We use the expression “gone to pot” now to mean ruined; destroyed; disintegrated.
But the earliest English usage, which goes back at least to the sixteenth century, seems to have been literal, actually gone to the pot, chopped up into pieces, as meat, for stewing in a pot.
There seems to have been a figurative meaning, too, in early usage, for a number of writers use the phrase with allusion to death, in some instances with the implication that the person dying had been the victim of a cannibalistic feast.
Thus in one of John Jackson’s sermons, published in 1641, speaking of the persecution of the Christians under Marcus Aurelius, he wrote, “All went to the pot without respect of Sex, dignity, or number.” And Edmund Hickeringill, in his History of Whiggism, in 1682, wrote, “Poor Thorp, Lord Chief Justice, went to Pot, in plain English, he was Hang’d.”
Other interesting explanations of the origin of the phrase occur.

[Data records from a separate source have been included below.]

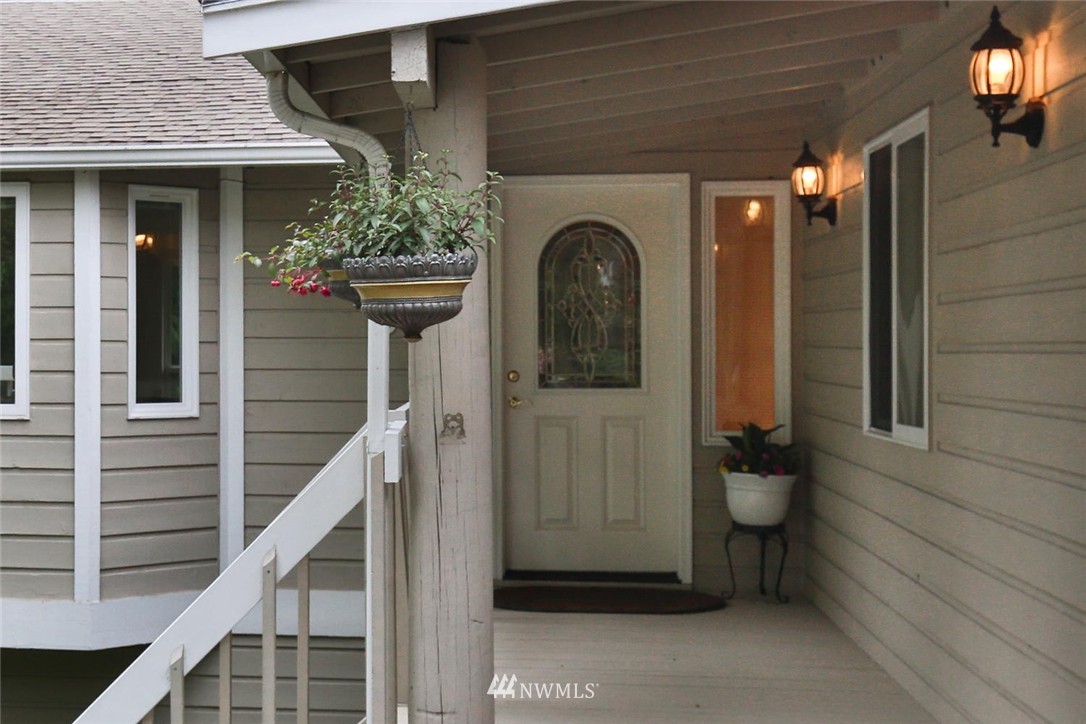 129 221st Street Southwest Bothell, WA 98021 - Photo 3 of 25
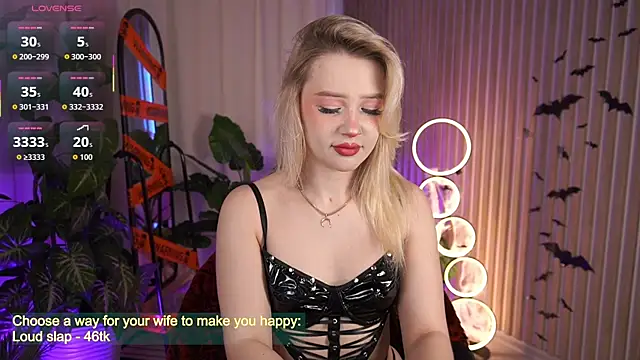 Snapshot of LauraWifeness chatting on October 28, 2025, 6:34 am LauraWifeness online show from October 28, 2025, 6:34 am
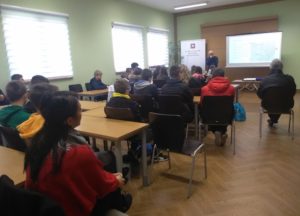 prezentacja kierownika Oddziału w Sanoku materiałów dotyczących Prusieka dla uczniów Szkoły Podstawowej w Prusieku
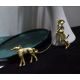 Brosche Frau mit Hund – Stilvoll & Elegant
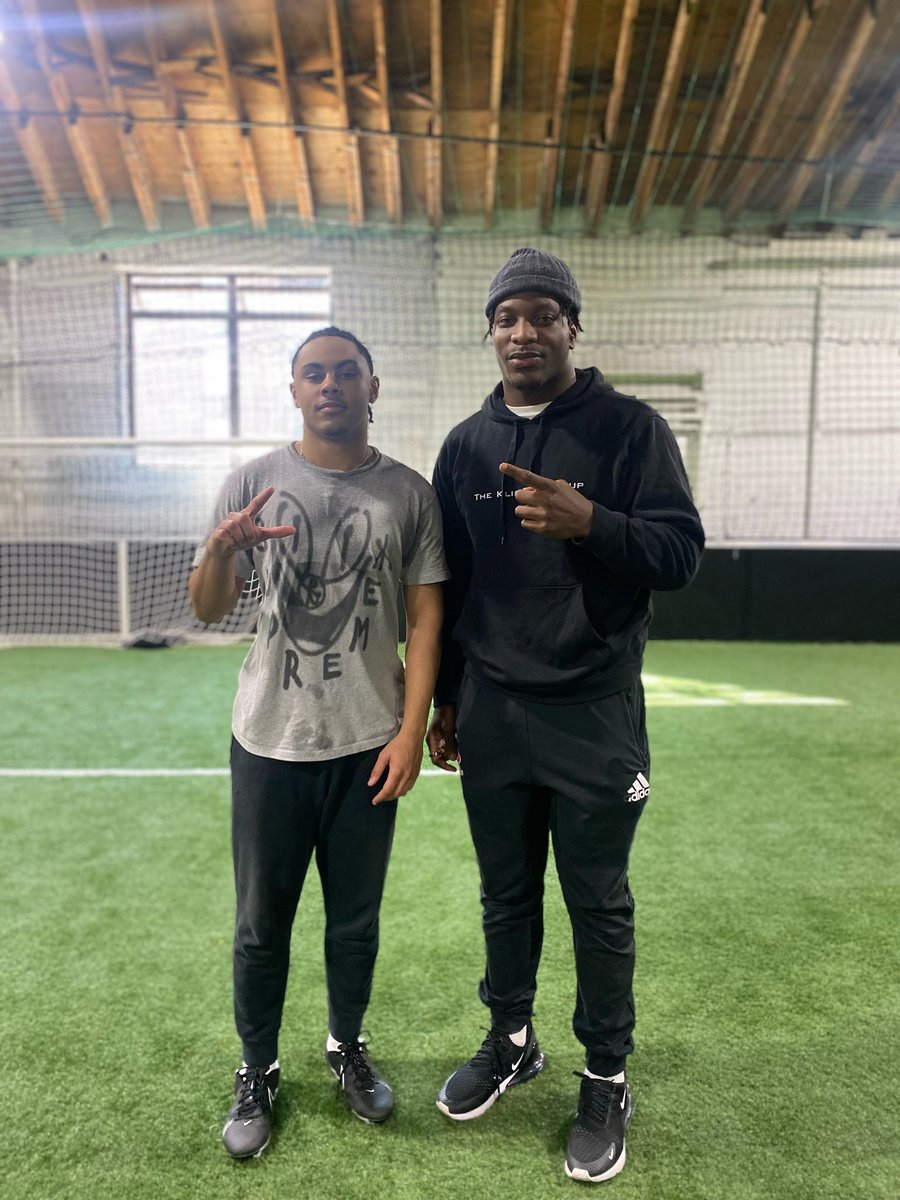 It’s more then just working out over here, constant life lessons and connection building. Appreciate <a href="/o_threee/">Olakunle Fatukasi</a> for dropping some jewels💎. And great work as always on Sunday!  <a href="/CoachNooks/">Coach Nooks</a> <a href="/LightsOutMorgan/">Wayne Morgan II</a> #LOP #Lightsout  #SharkTank🦈 #SundayService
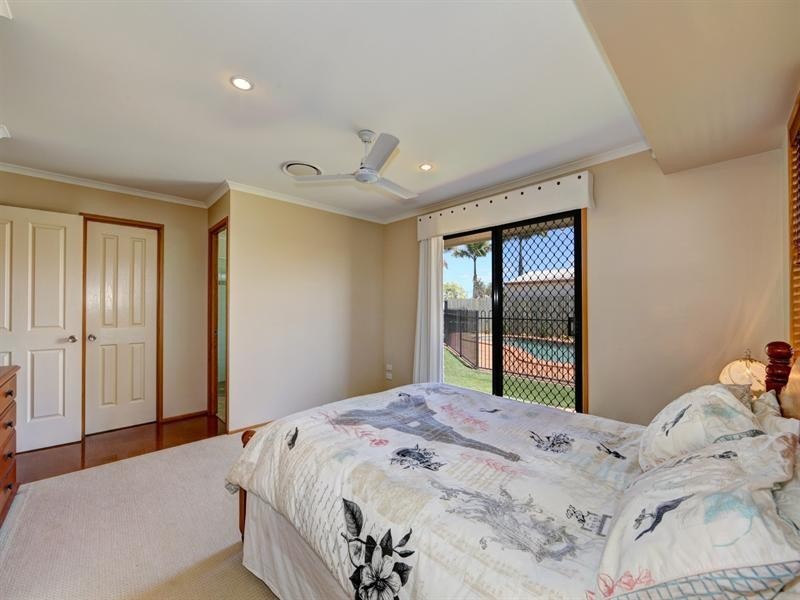 27 Chancellor Drive, Avenell Heights QLD 4670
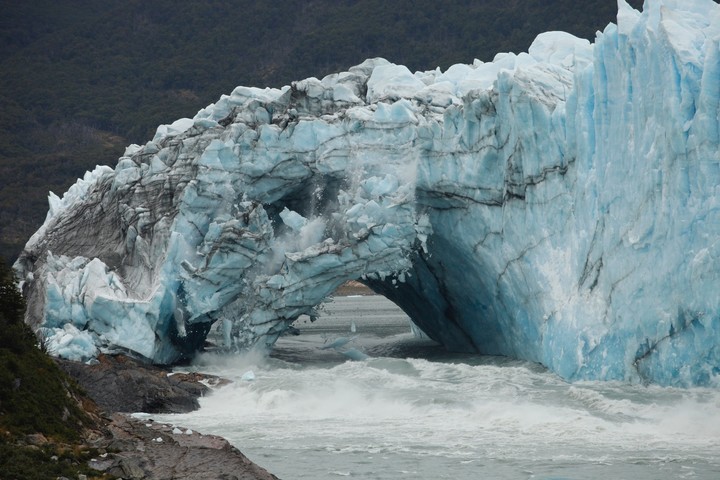 De noche y sin testigos, cayó el puente del glaciar Perito Moreno | Información General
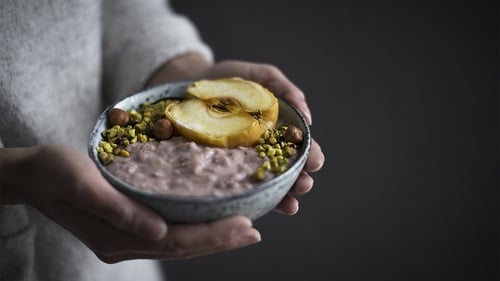 Gachas de avena con manzanas y frutos rojos - Val Venosta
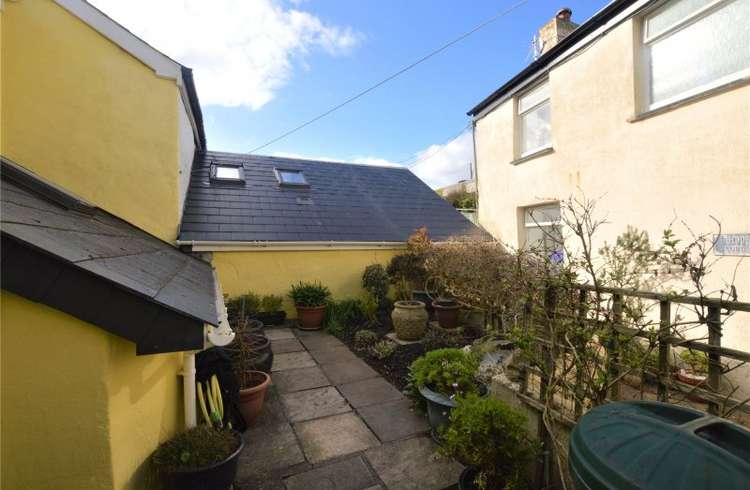 A fantastic opportunity to purchase this two bed property in Porthleven.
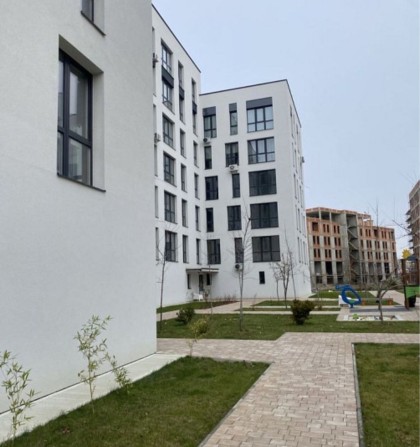Продаж 1 кімнатноі чорновоі квартири в ЖК квадрат - фото 1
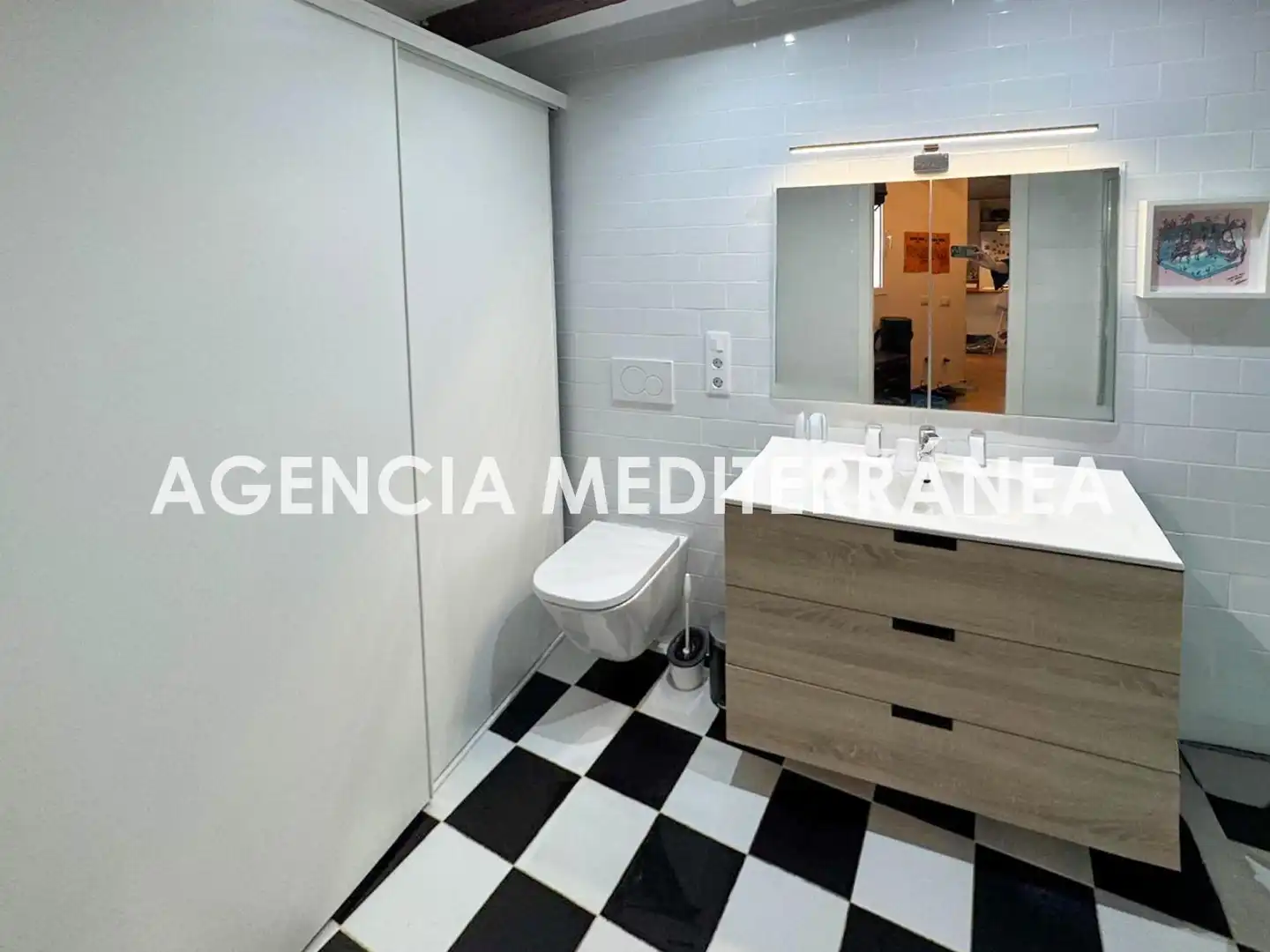 Baño de Piso en venta en Valencia con Aire acondicionado, Calefacción y Balcón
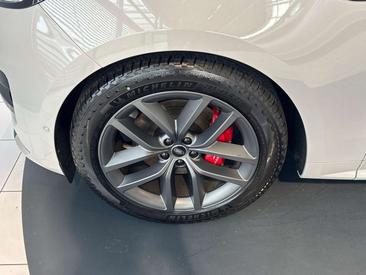 Land Rover Range Rover Sport P460e — photo 21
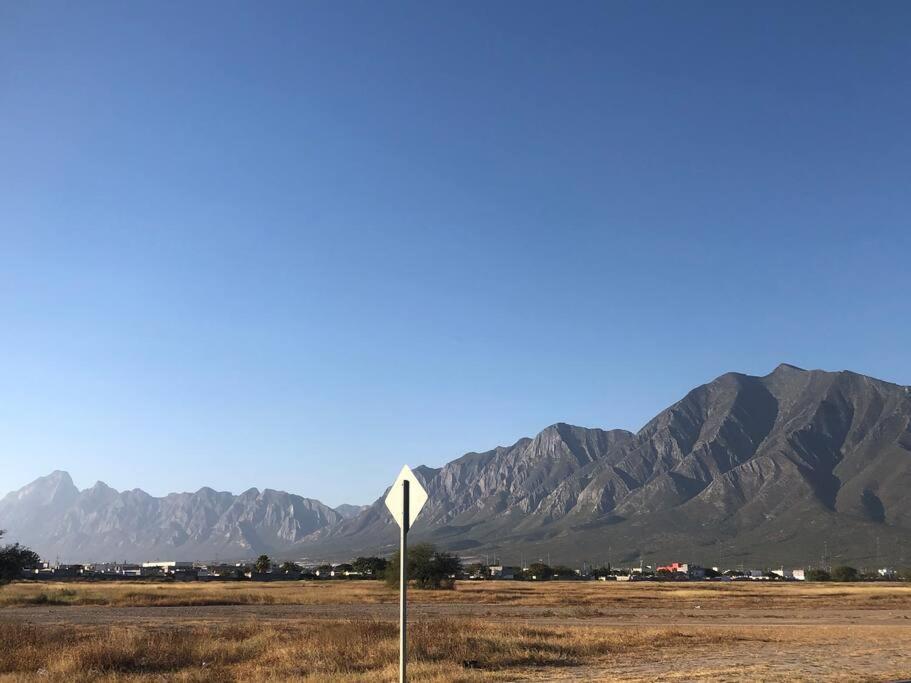 Comfortable And Private House 2 Bedrooms Wifi Parking Free Monterrey Eksteriør bilde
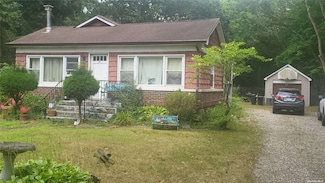 79 Oregon Ave, Medford, NY 11763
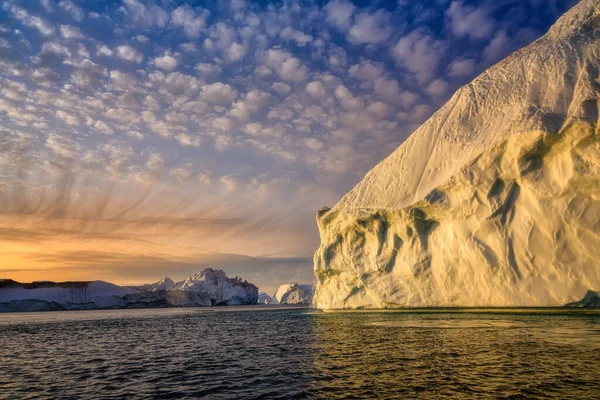 Groenland Ilulissat gletsjers aan zee bij poolnacht — Stockfoto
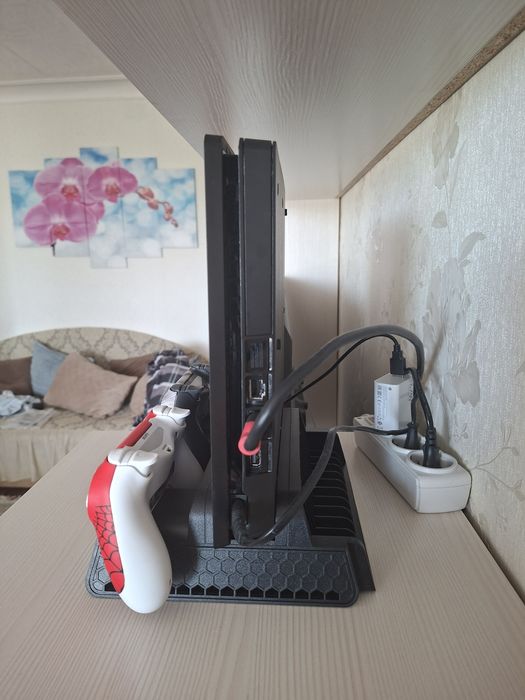 Продам PS4 Slim память 1 ТБ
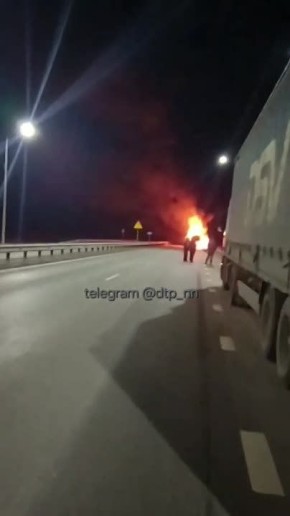 Водитель фуры уснул за рулм и въехал в разделительный отбойник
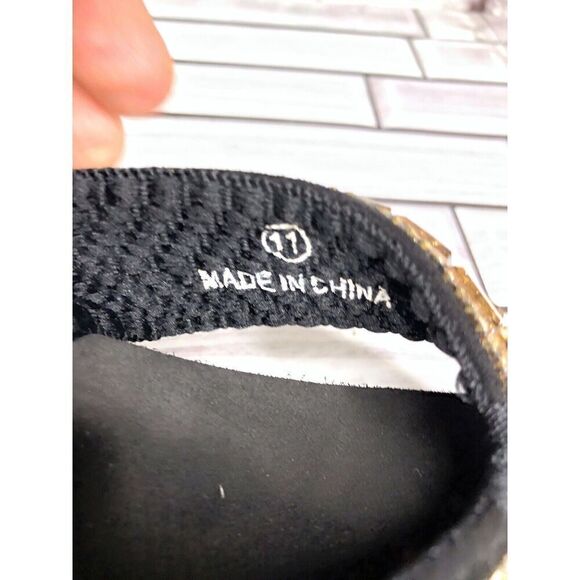 Corky’s Gold Crystal Rhinestone Thong Foam Wedge Sandals Women’s Sz 11M US/42EU - Picture 12 of 16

In A Dictionary of Modern Slang, Cant and Vulgar Words, published in 1860, the thought is advanced that the phrase comes down from the classic custom of putting the ashes of the dead in an urn.
Brewer, in Dictionary of Phrase and Fable, says “The allusion is to the pot into which refuse metal is cast to be remelted, or to be discarded as waste.” There is no literary support for either theory, however.